Okay, sounds good. Not being here isn't much of a problem. We generally are home (retired) or have her with us. We take water if we're gone with her all day, not that much of a deal to take a baggie with some food.

This used to happen once in a while...the pesky hunger thing. But now it's almost everyday. That why I'm thinking we need to make a better arrangement.


----------



## coppers-mom (Jan 9, 2009)

Hmmmm...
Have you had her thyroid checked?
Mine was overactive and had to be removed 8ish years ago.
While overactive I ate much more than usual and was still hungry all the time.

Maybe her needs have just changed, but it could be a symptom of hyperthyroidism if they follow people's symptoms like I think they do.


----------



## Dallas Gold (Dec 22, 2007)

Is she on steroids still for anything? That affects hunger. Just ask my stomach!


----------



## Elisabeth Kazup (Aug 23, 2008)

I never thought to have her thyroid checked. She has a bit of a weight problem...+ 3 pounds. Wouldn't that rule it out?


----------



## coppers-mom (Jan 9, 2009)

I'm a little pudgy:doh: and mine has been at about 1.0 for 6+ months due to medication change. Should be closer to 3.5/4.0 in humans, but 1.0 - 5.0 is the range I think.

I don't know how prevalent hyperthyroidism in goldens either. maybe it is a seldom thing.

could you ask your vet about it? It might not be worth checking is Penny isn't showing any other symptoms.

Maybe just changing to the 3X a day will fix the issue. I'll bet Penny gives that 2 paws up anyway.


----------



## GoldenCamper (Dec 21, 2009)

Penny's Mom said:


> 1. divide her 2 cups daily ration equally into 3 portions. breakfast, lunch and dinner.


This sounds good to me.
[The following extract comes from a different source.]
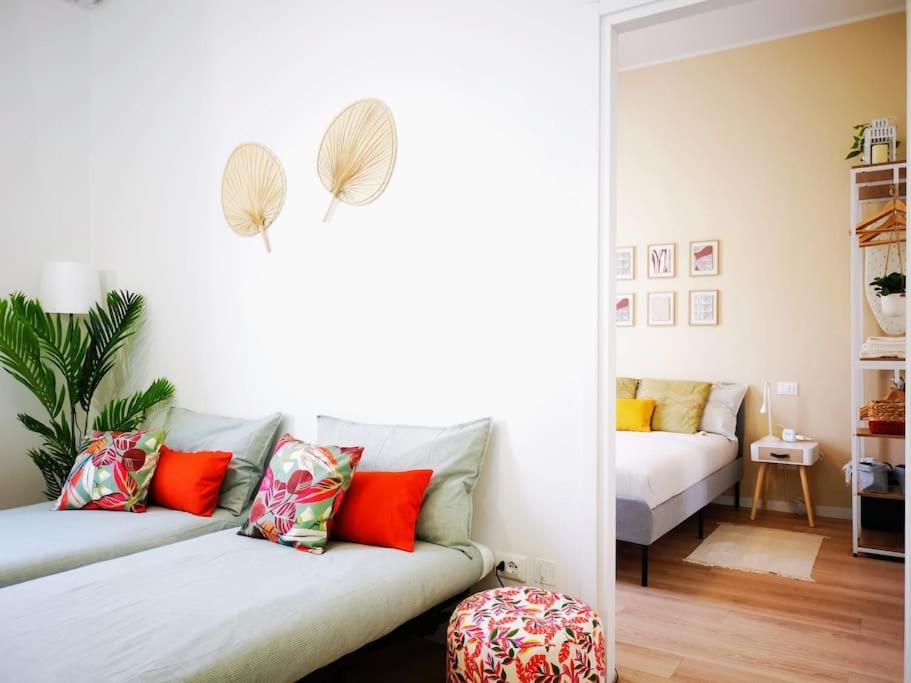 밀라노 Sunny Flat 50 Meters From The Metro 아파트 외부 사진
When I home cooked for Tucker he ate 8-10 cups a day which I spread out into 4 meals.

His system could not handle more than 2 or so cups at a time. Long story I won't get into....


----------



## Elisabeth Kazup (Aug 23, 2008)

Penny gets her joint supplements @ 4. Causation or coincidence?


----------



## Wyatt's mommy (Feb 25, 2011)

My vet told me it's very rare if at all dogs are_ hyper_-thyroidism. Maybe she just needs more food period? How much are you feeding her? Have you noticed any other symptoms such as drinking more water and urinating more often?


----------



## Elisabeth Kazup (Aug 23, 2008)

I don't keep track of her potty moments. A lot of the time we're at the baarn and she's just hanging out. I have noticed that she can come inside early to mid afternoon and never ask to go out again. So if anything, she may be going less. I usually make a point of sending her out @ 8 and she looks at me like "Why?" I have to go stand on the patio with her and keep telling her to go.

She gets a 50/50 mixture of weight reduction food. Half is regular formula and half is higher protein. This is the mix we used for her to lose weight. She lost 13 pounds 78 down to 65 and then gained 3 back. 

The higher protein food has a lot more calories than the other which is why I mix them. Here's the link to both. She's always done really well on this brand. Her weight gain came when I switched her to Candidae (no particular reason except I thought it was 'better'). She eats Heathy weight I and II.
Premium Edge Pet Food | Products | Dogs | Dry Food


----------



## Wyatt's mommy (Feb 25, 2011)

Penny's Mom said:


> I don't keep track of her potty moments. A lot of the time we're at the baarn and she's just hanging out. I have noticed that she can come inside early to mid afternoon and never ask to go out again. So if anything, she may be going less. I usually make a point of sending her out @ 8 and she looks at me like "Why?" I have to go stand on the patio with her and keep telling her to go.
> 
> She gets a 50/50 mixture of weight reduction food. Half is regular formula and half is higher protein. This is the mix we used for her to lose weight. She lost 13 pounds 78 down to 65 and then gained 3 back.
> 
> ...


It does sound like she is just hungry then. I would try the 3 times a day and see if it helps. As long as she is eating the same calories a day it really doesn't matter when she eats them. Or give her some fresh veggies inbetween that might help too.


----------



## Sally's Mom (Sep 20, 2010)

Dogs are rarely hyperthyroid, more commonly hypothyroid.... The few hyperthyroid dogs I have seen have had thyroid cancers and are losing weight.


----------



## Elisabeth Kazup (Aug 23, 2008)

Today was the first day of 3 meals. She got 2/3 cup at each meal and while she was ready to eat and reminded me, she was satisfied after she ate...especially after supper. That was when she was most likely to pester me for 'seconds'. So, it seems to be a start.

Thank you for all your input!


----------



## coppers-mom (Jan 9, 2009)

Excellent!


----------



## JazzSkye (Aug 1, 2011)

Just and idea: maybe she needs one large meal instead of smaller ones which aren't satisfying? 

When mine were pups we had the three times a day, then twice a day routine. Now that they're both adults, they eat once a day, at night. They do fine with it, and although they're always interested in food, they're not pesky over it. Eating at night, I also don't have to worry about them running around right afterwards and getting stomach torsion.

People tend to be pretty opinionated on what's best, but I really don't think there's a Golden Rule for adult feeding. It depends on what the dog's system can handle, and on the owner's preference as well.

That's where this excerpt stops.